We have a weekly informal group that meets at the library, plus a night class, plus online read-and-feedback sessions, and I'm thinking of starting a casual monthly lunch group at work as well. It's not that I can't get enough, but that I'm trying to keep the pledge in different ways. Get-togethers and Zoom calls with other writers "counts" as daily writing, I tell myself. Insisting on a weekly blog post (like this) "counts" as writing. Retyping my class notes or collecting and responding to beta reader feedback "counts." There's a complex scoring system in my head, making sure we're getting the run in, basically, and it's happy when a writing day doesn't always mean a writing-writing day.

Except the Muse isn't fooled. I picture mine as an irascible force, an close friend or black-sheep family member that has no qualms about crashing on my metaphorical couch at a moment's notice. In NaNoWriMo days, it felt like keeping a hibernating bear. Most of the year the Muse would sleep, and then I'd start poking her with a stick (also metaphorically) around September, and then she'd wake up irritated and hangry and we'd work through November to get something done. Then I could give her a cookie and make don't you think it's about time you take a break noises and shuffle her off for another year. 

For hobbyist and casual writing, this was fine. Maybe not the healthiest partnership, definitely one-sided, but fine. My muse is more bear than human, I thought, and this complex relationship worked for us. She stayed out of the way of my vocation and my home life, and I didn't demand much in return. NaNoWriMo's collapse and my enrollment in those evening classes were almost perfectly co-incident. It was time to take stick in hand and see what the Muse thought about this change in situation.

Well, she was reluctant at first. She's me, and I'm nothing if not a creature of comfortable habits. Imposter Syndrome reared up as it does, but the impetus of you have homework and a prompt was enough to keep the Muse preoccupied and not worrying about the pokey stick and instead flexing sleepy synapses to produce something new. And as I've written about here, that became a community and that community is where I am now. But something else also happened: what I think of as the September Miracle, where fleeting ideas appear out of nowhere and threaten to vanish in moments, like soap bubbles in a windstorm. Being a writer means writing on the regular (whatever form that takes) but also being a listener and unless you're very careful, a forgetter and a regretter. 
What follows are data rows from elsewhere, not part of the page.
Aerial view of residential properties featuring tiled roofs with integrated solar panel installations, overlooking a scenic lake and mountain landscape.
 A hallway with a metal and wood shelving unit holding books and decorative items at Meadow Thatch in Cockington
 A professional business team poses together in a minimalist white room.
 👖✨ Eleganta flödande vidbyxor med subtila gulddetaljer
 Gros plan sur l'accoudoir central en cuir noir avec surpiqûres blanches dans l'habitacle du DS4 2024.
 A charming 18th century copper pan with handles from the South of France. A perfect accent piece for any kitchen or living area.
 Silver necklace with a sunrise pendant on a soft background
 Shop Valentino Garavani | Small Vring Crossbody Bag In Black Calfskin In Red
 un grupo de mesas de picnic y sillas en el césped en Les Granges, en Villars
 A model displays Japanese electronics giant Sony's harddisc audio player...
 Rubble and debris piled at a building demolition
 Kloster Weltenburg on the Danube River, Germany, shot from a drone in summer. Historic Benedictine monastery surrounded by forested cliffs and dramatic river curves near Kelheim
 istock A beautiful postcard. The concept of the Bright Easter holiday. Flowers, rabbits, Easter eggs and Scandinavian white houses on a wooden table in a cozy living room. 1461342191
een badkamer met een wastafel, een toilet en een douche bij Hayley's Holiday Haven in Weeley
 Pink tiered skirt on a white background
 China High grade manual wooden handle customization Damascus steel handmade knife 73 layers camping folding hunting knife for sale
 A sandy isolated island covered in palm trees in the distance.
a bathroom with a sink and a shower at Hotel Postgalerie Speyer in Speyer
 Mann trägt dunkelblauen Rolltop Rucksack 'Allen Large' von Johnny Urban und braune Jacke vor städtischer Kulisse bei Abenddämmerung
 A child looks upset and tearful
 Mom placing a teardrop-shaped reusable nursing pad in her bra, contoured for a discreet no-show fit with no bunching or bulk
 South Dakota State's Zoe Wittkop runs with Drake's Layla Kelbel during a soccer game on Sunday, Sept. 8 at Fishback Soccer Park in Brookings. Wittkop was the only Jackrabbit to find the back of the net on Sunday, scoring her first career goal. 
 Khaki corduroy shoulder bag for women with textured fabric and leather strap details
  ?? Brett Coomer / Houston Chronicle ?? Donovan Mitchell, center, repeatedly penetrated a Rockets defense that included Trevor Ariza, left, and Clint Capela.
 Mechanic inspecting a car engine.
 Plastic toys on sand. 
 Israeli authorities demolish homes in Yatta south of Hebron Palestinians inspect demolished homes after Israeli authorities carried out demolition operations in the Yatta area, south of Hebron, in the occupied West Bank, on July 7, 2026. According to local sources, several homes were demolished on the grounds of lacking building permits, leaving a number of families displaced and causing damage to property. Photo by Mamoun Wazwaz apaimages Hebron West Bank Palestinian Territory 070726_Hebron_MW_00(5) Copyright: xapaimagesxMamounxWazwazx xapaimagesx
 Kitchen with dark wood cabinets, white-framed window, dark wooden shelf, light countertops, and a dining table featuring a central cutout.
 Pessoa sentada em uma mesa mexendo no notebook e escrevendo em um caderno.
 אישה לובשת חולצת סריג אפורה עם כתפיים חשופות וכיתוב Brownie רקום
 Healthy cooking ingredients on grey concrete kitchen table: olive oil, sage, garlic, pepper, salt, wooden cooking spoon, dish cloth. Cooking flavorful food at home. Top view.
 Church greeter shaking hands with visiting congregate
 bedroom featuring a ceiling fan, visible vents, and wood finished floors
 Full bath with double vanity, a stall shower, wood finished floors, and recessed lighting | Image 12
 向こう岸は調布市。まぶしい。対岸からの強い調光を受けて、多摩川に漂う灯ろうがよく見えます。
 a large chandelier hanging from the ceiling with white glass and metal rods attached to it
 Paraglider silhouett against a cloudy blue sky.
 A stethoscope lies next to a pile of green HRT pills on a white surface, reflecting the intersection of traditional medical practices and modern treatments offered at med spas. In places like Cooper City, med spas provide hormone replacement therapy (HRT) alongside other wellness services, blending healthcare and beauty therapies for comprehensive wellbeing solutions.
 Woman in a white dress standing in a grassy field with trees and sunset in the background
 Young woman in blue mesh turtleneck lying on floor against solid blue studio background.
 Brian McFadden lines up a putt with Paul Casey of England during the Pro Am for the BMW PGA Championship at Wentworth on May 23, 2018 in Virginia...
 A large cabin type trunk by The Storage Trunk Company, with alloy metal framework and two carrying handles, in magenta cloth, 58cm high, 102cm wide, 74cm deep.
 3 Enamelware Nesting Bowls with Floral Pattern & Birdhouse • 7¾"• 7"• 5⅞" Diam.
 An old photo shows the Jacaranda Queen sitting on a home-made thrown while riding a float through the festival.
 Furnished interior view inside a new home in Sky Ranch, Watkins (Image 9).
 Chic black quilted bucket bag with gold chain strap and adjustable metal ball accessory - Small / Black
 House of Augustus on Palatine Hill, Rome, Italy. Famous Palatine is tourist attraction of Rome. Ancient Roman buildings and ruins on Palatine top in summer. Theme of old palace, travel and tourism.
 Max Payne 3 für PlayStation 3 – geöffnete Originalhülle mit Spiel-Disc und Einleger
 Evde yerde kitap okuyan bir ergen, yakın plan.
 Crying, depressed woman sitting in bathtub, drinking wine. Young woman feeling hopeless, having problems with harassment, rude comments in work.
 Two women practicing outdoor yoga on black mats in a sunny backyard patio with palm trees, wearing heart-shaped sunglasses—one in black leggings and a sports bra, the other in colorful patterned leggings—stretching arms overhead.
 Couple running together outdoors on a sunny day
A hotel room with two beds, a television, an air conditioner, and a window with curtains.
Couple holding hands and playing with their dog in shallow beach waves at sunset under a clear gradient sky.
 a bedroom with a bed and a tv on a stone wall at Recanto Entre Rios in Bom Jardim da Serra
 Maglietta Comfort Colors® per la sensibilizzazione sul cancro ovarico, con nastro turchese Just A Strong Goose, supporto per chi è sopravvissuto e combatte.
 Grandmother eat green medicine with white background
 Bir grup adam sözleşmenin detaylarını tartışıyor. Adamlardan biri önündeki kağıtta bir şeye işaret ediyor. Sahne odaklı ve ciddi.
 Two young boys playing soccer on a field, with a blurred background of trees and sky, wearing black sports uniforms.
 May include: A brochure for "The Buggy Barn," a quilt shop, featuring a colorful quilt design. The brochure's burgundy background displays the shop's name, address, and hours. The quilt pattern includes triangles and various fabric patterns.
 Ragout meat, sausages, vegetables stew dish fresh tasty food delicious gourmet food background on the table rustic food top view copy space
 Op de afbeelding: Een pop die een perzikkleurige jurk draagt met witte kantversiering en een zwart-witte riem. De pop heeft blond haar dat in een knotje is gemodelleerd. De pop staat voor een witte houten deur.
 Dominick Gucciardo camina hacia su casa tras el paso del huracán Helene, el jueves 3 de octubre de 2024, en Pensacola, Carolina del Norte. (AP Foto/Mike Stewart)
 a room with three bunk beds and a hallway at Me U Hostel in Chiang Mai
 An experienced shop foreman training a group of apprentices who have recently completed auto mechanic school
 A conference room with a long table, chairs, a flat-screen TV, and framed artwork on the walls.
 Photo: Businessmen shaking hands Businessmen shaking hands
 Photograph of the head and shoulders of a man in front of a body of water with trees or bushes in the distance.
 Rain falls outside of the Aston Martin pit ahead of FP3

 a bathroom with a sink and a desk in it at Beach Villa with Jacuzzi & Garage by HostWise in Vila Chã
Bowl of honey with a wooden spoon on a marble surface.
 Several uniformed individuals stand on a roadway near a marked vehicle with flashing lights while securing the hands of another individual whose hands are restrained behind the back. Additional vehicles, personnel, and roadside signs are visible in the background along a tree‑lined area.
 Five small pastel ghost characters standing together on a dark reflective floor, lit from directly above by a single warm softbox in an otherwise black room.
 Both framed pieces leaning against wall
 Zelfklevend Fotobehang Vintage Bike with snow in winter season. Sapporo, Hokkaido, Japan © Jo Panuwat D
Anne Lamott talks a lot of about ideas, their ephemeral nature, and the practicality of carrying an index card and a pen to note them down when they drift by. For all my Muse's bravado, she can be awfully whispery with stray thoughts, and they come in bursts. Nothing for a while, and then a pile of things, all at once. It's alarming at first, and my phone--my digital index card--is often the conduit to channel them. I have a number of fragmentary emails-to-self and shopping lists that are plot ideas and backstory thoughts for works in progress. Freed of the tyranny of a calendar, the Muse is now sitting on my mental couch and occasionally shouting back at the TV, usually when I've got something else going on at the same time. (The number of plot ideas that come up during toothbrushing is alarming.)

So, it's a complex, evolving relationship, a year-round thing. I'm enjoying her company if not her timing, and she's enjoying being out of the cave for more than three months of the year. We may never be a totally functional writer/inspiration couple, but I'm celebrating the irregular dance that we're performing.